Истцы и ответчики, правые и виноватые тех давних судебных разбирательств давно обрели вечный покой, но их поступки и слова продолжают жить. Запечатленные густыми чернилами на плотной шероховатой бумаге, они рассказывают нам историю страны и ее граждан сквозь призму бытовых забот и людских страстей.
Имена и фамилии действующих лиц, названия населенных пунктов, состав преступления и приговор суда даются без изменений. Образное описание намерений, чувств и мыслей героев является художественной интерпретацией материалов судебного дела.
«Обдумав все возможные варианты, он остановился на побеге через подкоп»
Волокита произошла по следующим причинам. Поначалу полицейские «бумагомаратели» потеряли справку о летах 21-летнего Дегтяревича — пришлось истребовать новую. Затем возникло подозрение, будто Алексей причастен еще к одной краже — разбирались. Потом в Бобруйском тюремном замке началась эпидемия, и новых осужденных туда не переводили. Ну, а впоследствии об Алексее попросту забыли.
Проволочка ужасно злила Дегтяревича. Он давно сосчитал, что его полуторамесячное заключение должно закончиться 15 июня, но вот злосчастие: к 15 июня оно еще даже не начиналось! Помаявшись еще пару-тройку недель, Алексей решил бежать из-под ареста.
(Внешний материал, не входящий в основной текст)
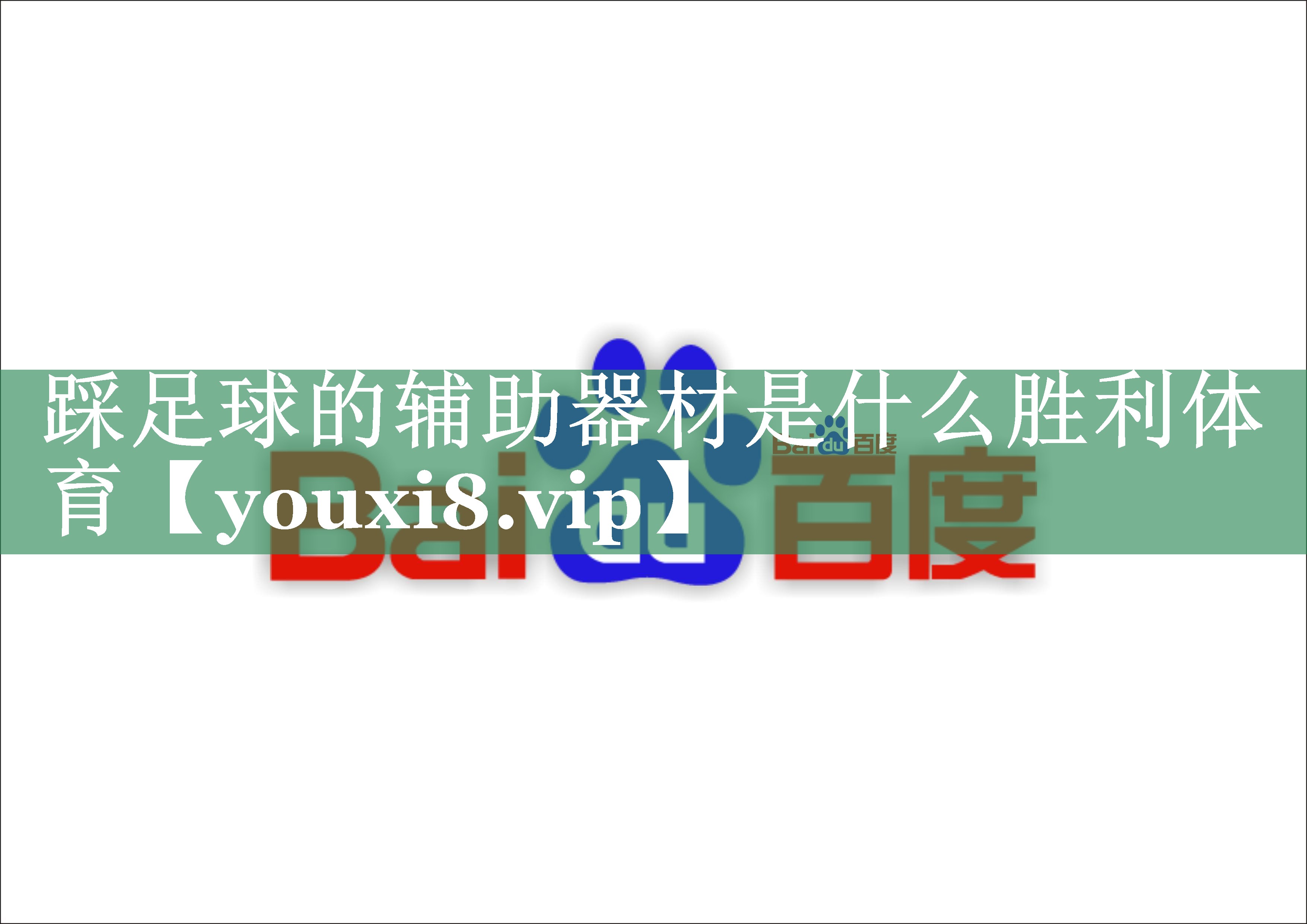 踩足球的辅助器材是什么胜利体育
Обдумав все возможные варианты, он остановился на побеге через подкоп, а копать постановил у той стены, за которой начинался сад.
Арестантская (помещение для временного содержания арестантов; ее современный аналог — камера предварительного заключения) в Бобруйске располагалась в отдельном здании — небольшом домике, что стоял во дворе городского полицейского управления. Одна стена домика действительно примыкала к саду, где цвел шиповник и качались на длинных ножках красные маки. В арестантской было две камеры и сени. В одной камере имелось небольшое окошечко с железной решеткой, в другой камере, где сидел герой нашей истории, было только отверстие под потолком — «продушина», через которую поступал свежий воздух. Пол в обеих камерах был покрыт пятивершковыми досками (1 вершок — 4,4 см), прибитыми к балкам железными гвоздями. Алексей планировал сорвать одну из досок (чуть подгнившую) у стены, а затем прокопать лаз и выбраться на волю.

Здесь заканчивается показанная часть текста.